Какая связь есть между торговцами пушниной и Грибоедовым, которые соседствуют на страницах «Внутренней колонизации»? В погоне за собольим мехом русские первопроходцы дошли до Аляски. В
результате под контролем российского государства оказались бескрайние неосвоенные пространства, которые приходилось колонизировать вновь и вновь. Как писал Василий Ключевский, «история России
есть история страны, которая колонизуется». На освоение и покорение имперской периферии приходилось тратить колоссальные ресурсы, которые выкачивались из внутренней России. Окраины оказались
в привилегированном положении, а у руля государства встала европеизированная элита, отчужденная от номинальных хозяев империи - русского большинства.

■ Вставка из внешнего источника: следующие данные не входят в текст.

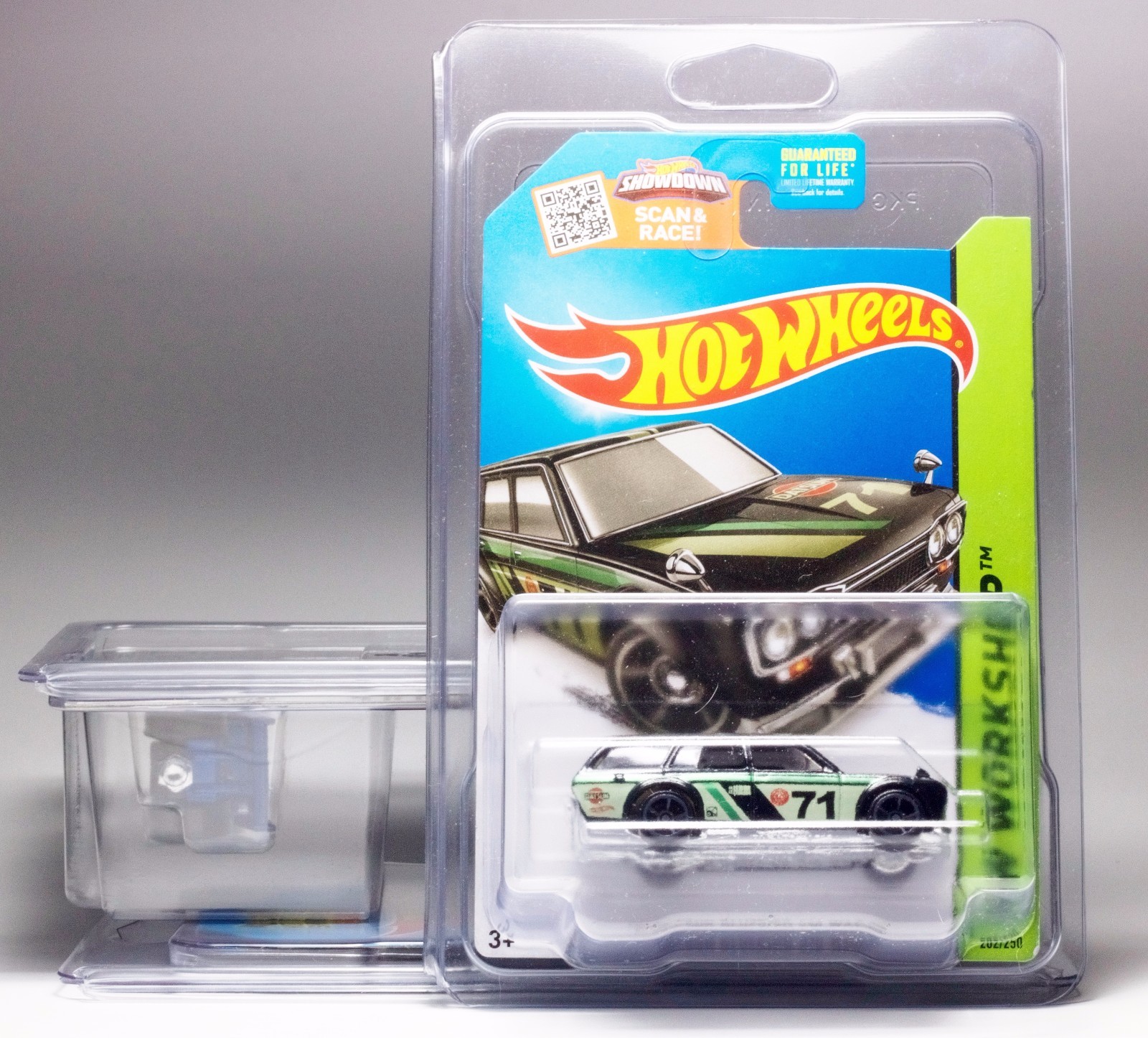Sterling Protector Case Mainline 12 Pack for Hot Wheels & Matchbox Basic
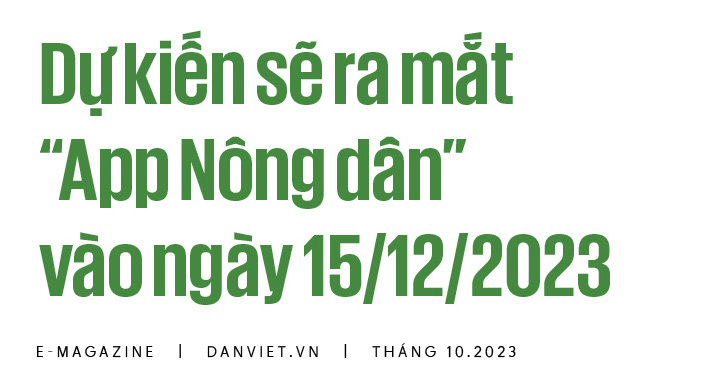 Chủ tịch Hội Nông dân Việt Nam Lương Quốc Đoàn: Nông dân là đối tượng chính được hưởng thành quả chuyển đổi số (Bài 4)- Ảnh 1.
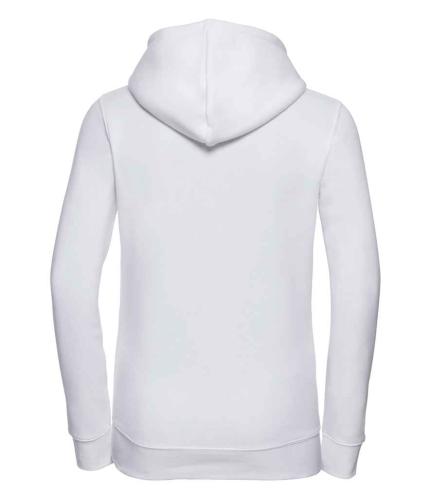 Russell Ladies Authentic Hooded Sweatshirt 2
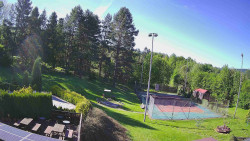 Amfiteátr - Hřiště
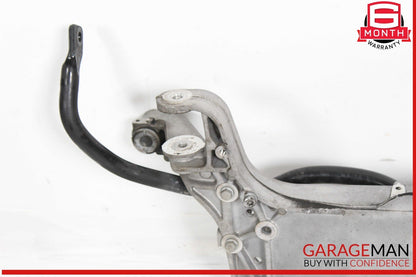 15-18 Audi Q3 Front Subframe Engine Cradle Crossmember w/ Stabilizer Sway Bar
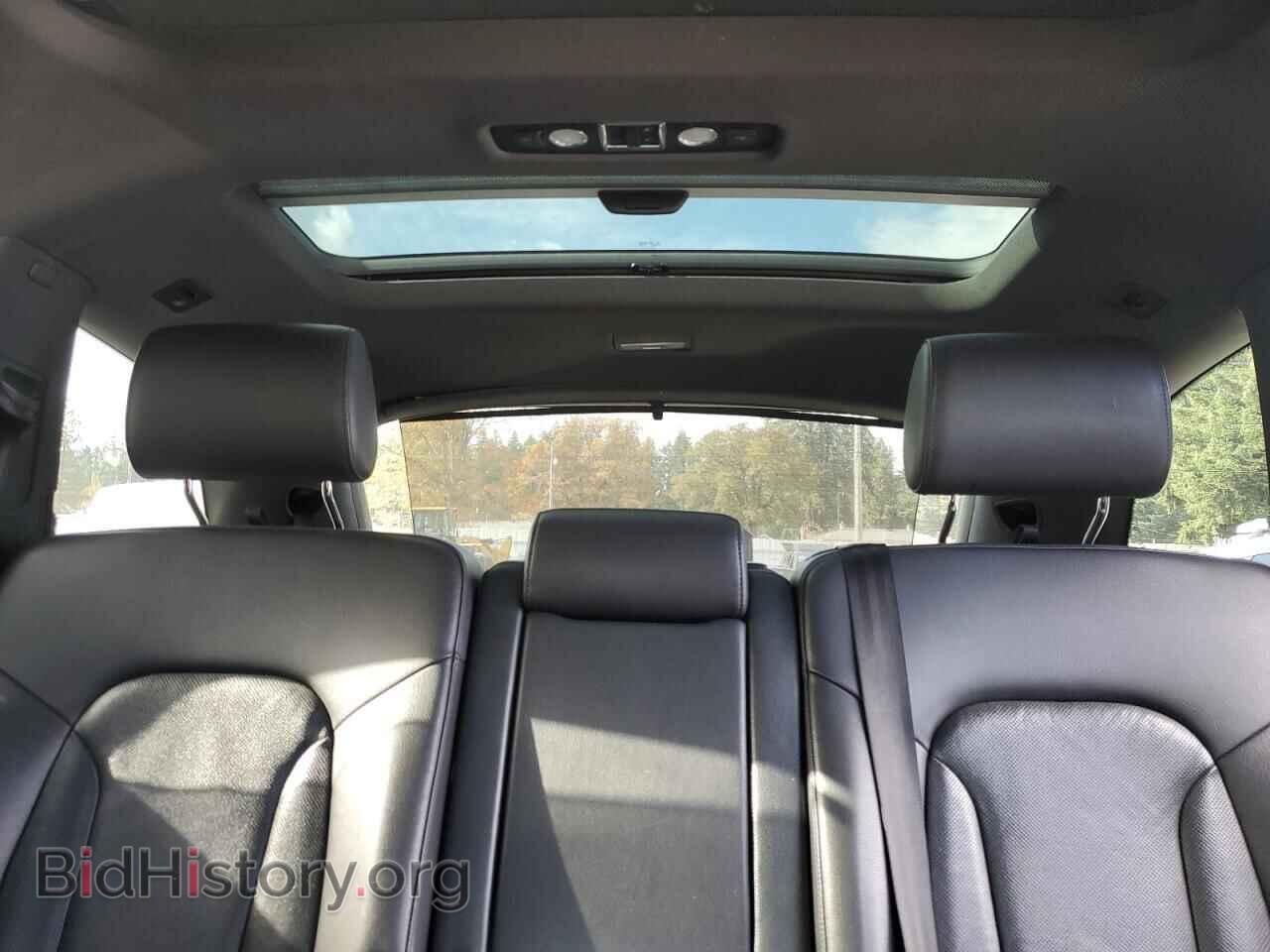 2011 AUDI Q7 - VIN: WA1WMAFE0BD000352 - Фото 10
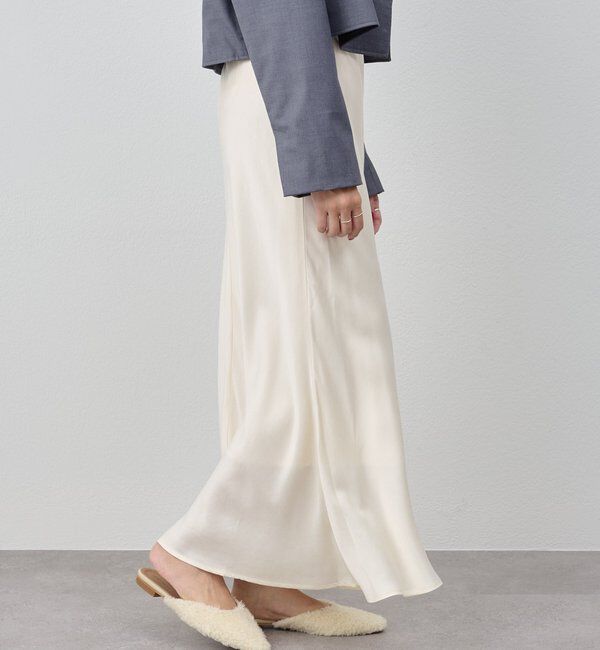  「ニュアンスマーメイドスカート」|スカート|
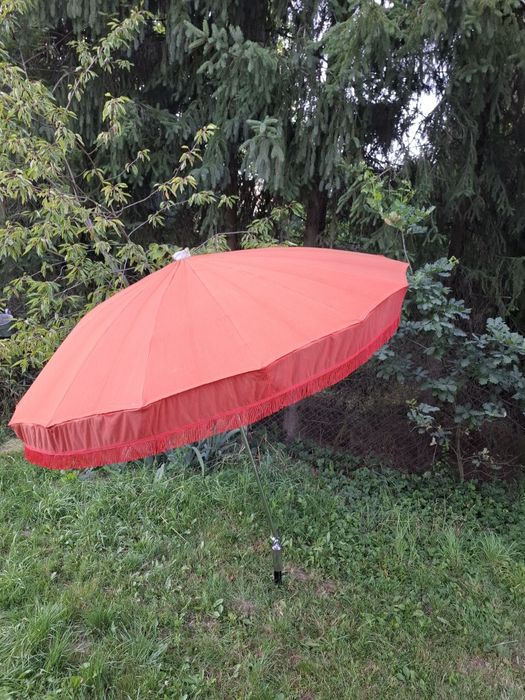 Parasol ogrodowy  okrągły 210cm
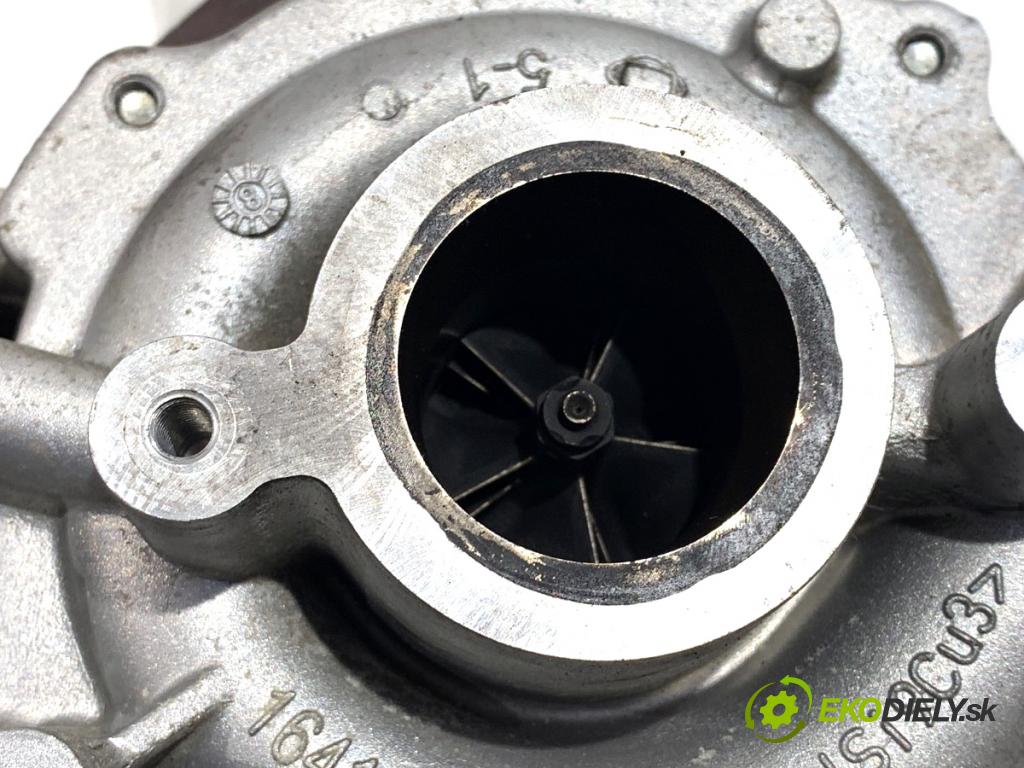 RENAULT CAPTUR I liftback 2018 81 kW 1.5 dCi 110 1461 Turbodúchadlo,turbo 16359700029 (Turbodúchadlo (kompletné))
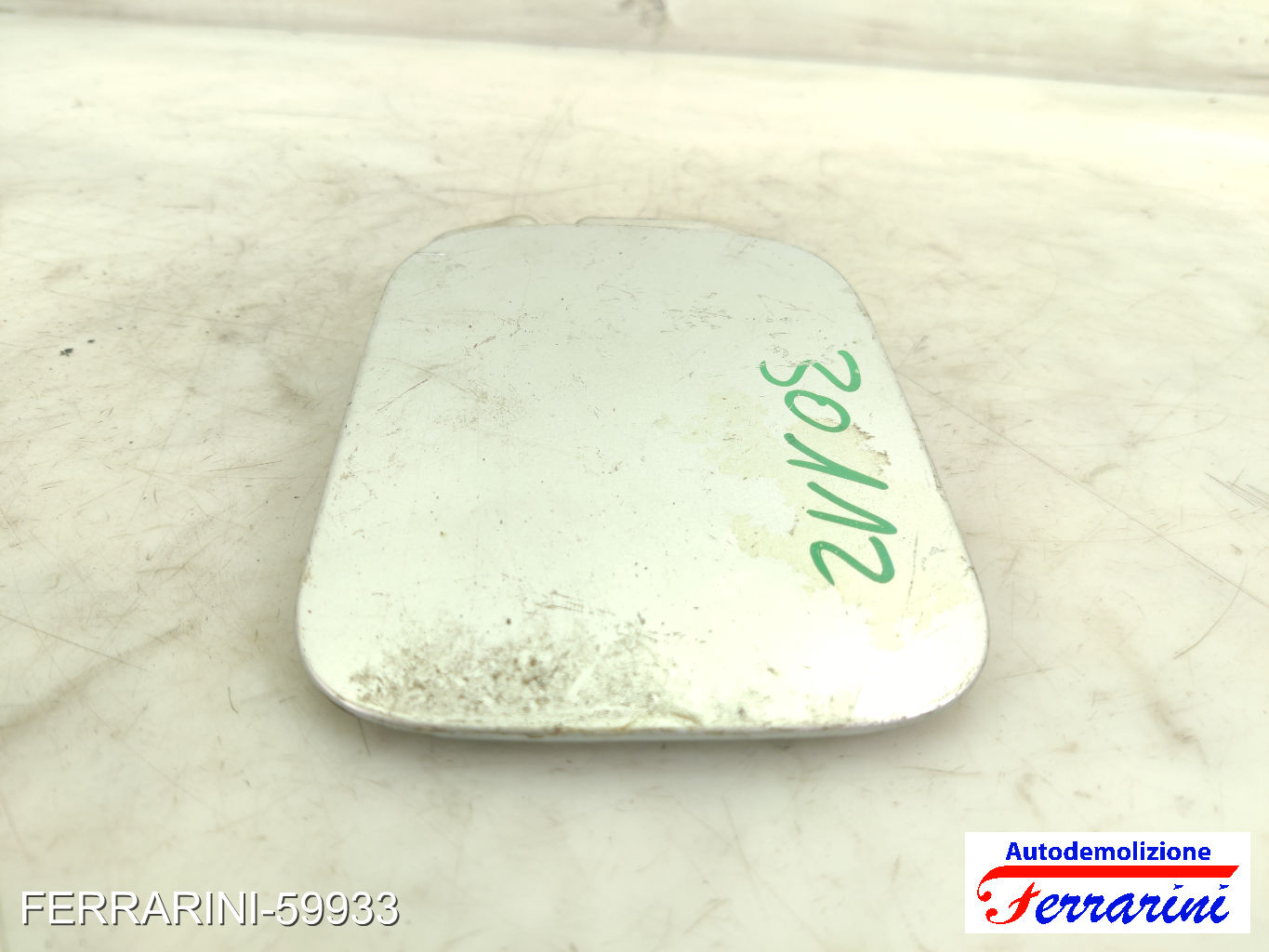 Sportellino Carburante SEAT IBIZA 2 6K1 1993-2002 8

Автор цитирует мрачноватые заметки Грибоедова, побывавшего на сельском празднике: «финны и тунгусы скорее приемлются в наше собратство, становятся выше нас, а народ единокровный разрознен с
нами, и навеки! Иностранец бы заключил, что у нас господа и крестьяне происходят от двух различных племен». Одно племя эксплуатирует другое: что это, если не колониализм? Колониальные методы
управления вовсю применялись к русскому центру, и зачастую он страдал от этого сильнее, чем периферийные регионы. Эткинд приводит много примеров такого обратного имперского градиента: «за
долгую историю крепостного права крестьяне внутренних губерний были порабощены раньше и в гораздо больших пропорциях, чем крестьяне имперской периферии, и освобождены они были позже. Практика
закрепощения была вполне в русле невысказанной, и, несомненно, русофобской идеи, что только православные русские подходят на роль крепостных».
Положение русских интеллектуалов в ситуации внутреннего колониализма было двойственным. С одной стороны, они пытались говорить от лица угнетенных и разоблачать колониальную действительность.
Фаддей Булгарин в 1836 году возмущался, что гоголевском «Ревизоре» события в Центральной России представлены так, как будто они происходят «на Сандвичевых островах, во времена капитана Кука».
С другой стороны, как подчеркивает Эткинд, интеллектуалы не брезговали чиновничьей службой и по социальному статусу и менталитету были гораздо ближе к правящей элите.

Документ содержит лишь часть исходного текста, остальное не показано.